Many of commercial, industrial, household, and personal care products are designed to mask malodor in the environment to which they are applied or in which they are used. Products may also generate malodor during and/or upon application or use or may themselves be inherently malodorous due to their constituents and functional raw ingredients.
Malodor inherent to cosmetic, industrial and household formulations is an extensive and ubiquitous problem common to many different applications ranging from household cleaners to personal care products including antiperspirants, deodorants, sunless tanners, hair colorants, shampoos and conditioners, hand and body lotions, hair perming and relaxing agents, and the like.
Permanent hair colorants are some of the most challenging formulations to fragrance since they contain ammonia. Due to ammonia's physical properties, such as very high vapor pressure, and its very pungent and offensive perceived olfactive profile, it is considered one of the most difficult malodors to cover using targeted malodor covering perfumery. Semi-permanent or demi-permanent hair colorants contain various substituted amines, sometimes with ammonia present in addition.
Permanent and demi-permanent hair coloring products contain various degrees of ammonia concentrations along with different types of primary, secondary and tertiary amines. Ammonia is an integral part of permanent hair coloring since its numerous roles include: the swelling and the softening of hair to help individual dyes penetrate the hair cuticle into the cortex; acceleration of the oxidative polymerization of colorants by raising the pH inside the hair; activation of the peroxide to activate bleaching and hence, achieve “lifting” of the existing hair color.
Covering the perception of ammonia in products, such as permanent hair coloring products, remains a formidable task despite numerous attempts at creating ways and methods to do so. The difficulty to cover ammonia lies in the necessity to cover ammonia physically rather than chemically since the creation of any type of chemical bond between ammonia and another odorant or chemicals in the formulation will result in a less performing, and sometime even unstable product.

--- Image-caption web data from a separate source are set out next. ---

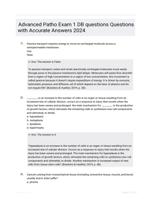 Advanced Patho Exam 1 DB questions Questions with Accurate  Answers 2024
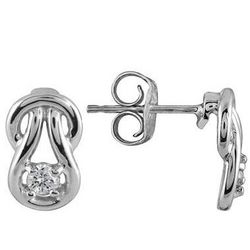 Diamond Love Knot Earrings in 10K White Gold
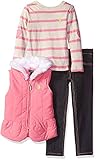 U.S. Polo Assn. Little Girls' Toddler Puffer Vest Long Sleeve Striped Tee and Stretch Denim Jean Pin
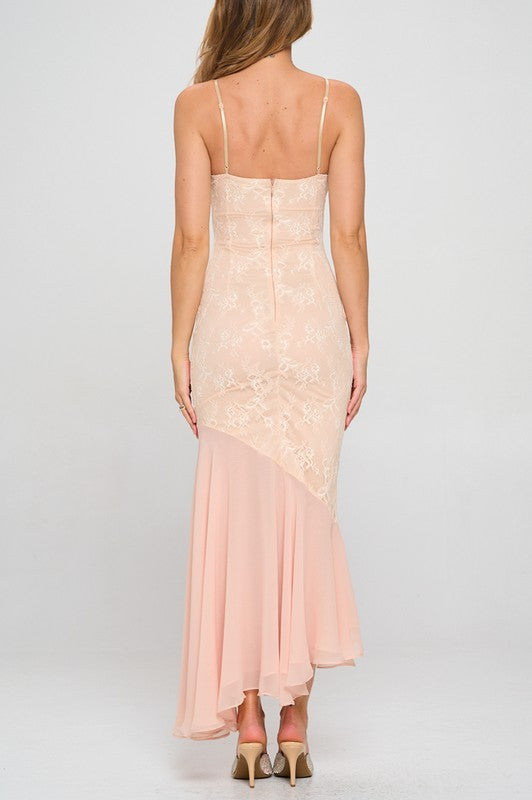 Asymmetrical Lace Gown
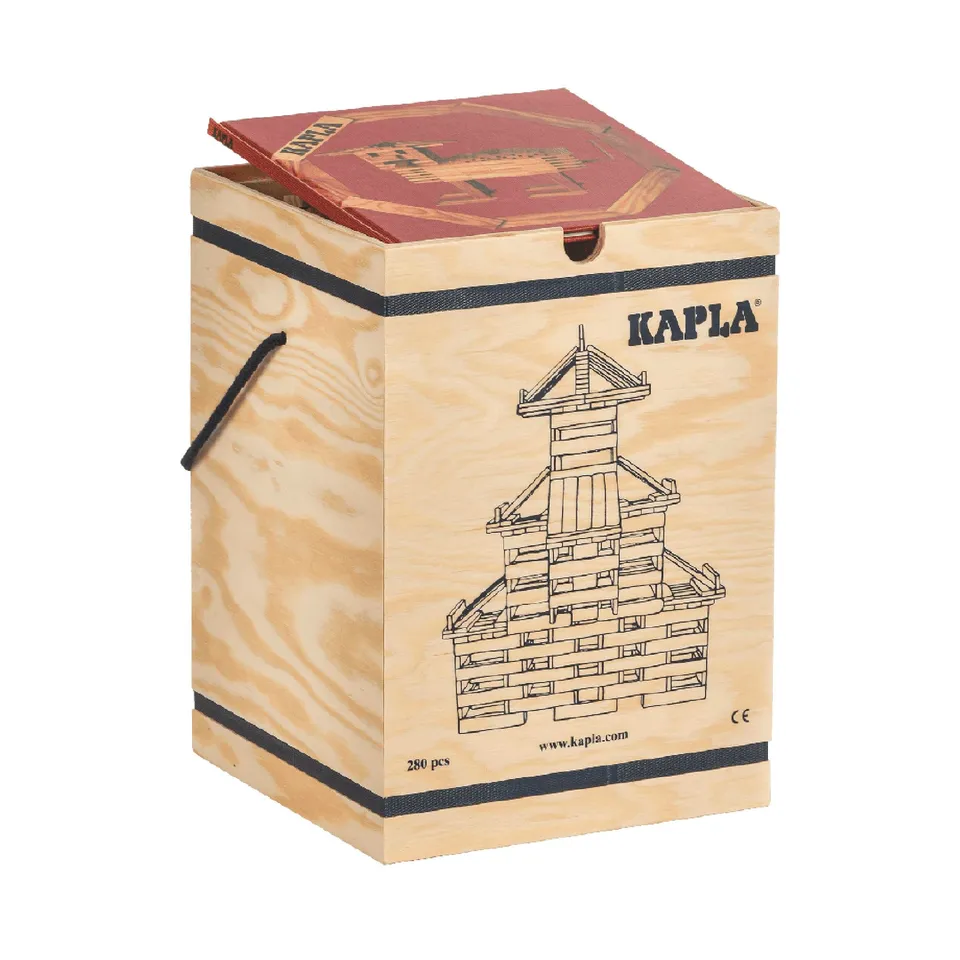 kapla-holzbaukasten-280-steine-in-holzkiste-mit-kunstbuch-natur image 1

Cosmetic hair colorants referred to as “level 2” are one way to reduce the consumer's exposure to ammonia and its malodor by introducing substituted amines as alkalizing agents in lieu of ammonia. The substituted amines are sometimes used in combination with lower concentrations of ammonia to help these seemingly less harsh formulations in the lifting of existing hair color. Unfortunately, these products do not achieve the results obtained using a true permanent hair coloring system based on ammonia. Some of the disadvantages of a non permanent hair color formulation are less color lift, less dye take and faster fading of the colorants.
Other systems are available and are marketed as a safer alternative to ammonia hair colorants. Alternative available alternative formulations are based on auto-oxidative dyes. Other marketed safer products are in the form of powdered mixtures made of solid dyes (usually in their sulfated form) along with a solid oxidant (typically sodium perborate) activated by the addition of water. These products often result in very drab colors and give the consumer a limited palette of colors.
There remains a need to provide ammonia malodor masking in products such as permanent hair colorants without losing the benefits of the ammonia component, namely its ability of dye uptake and hair color lifting.
Methods of covering ammonia malodor known in the art have been limited to empirical observations and explanations of narrow physico-chemical mechanisms, whereby fragrance materials are chosen to cover malodor based on their hedonic performance.
For instance, U.S. Pat. No. 6,403,075 addresses fragrance materials with a phenyl ring moiety and air diffusion coefficient larger than 5.7 and/or odorants with C-5 ring moiety with at least sp2 hybridized C that were empirically observed to be good ammonia masking agents. In U.S. Patent Application No. 2002/0058017A1, cis-3-hexenol was determined to empirically mask ammonia well in permanent hair coloring systems based on empirical observations.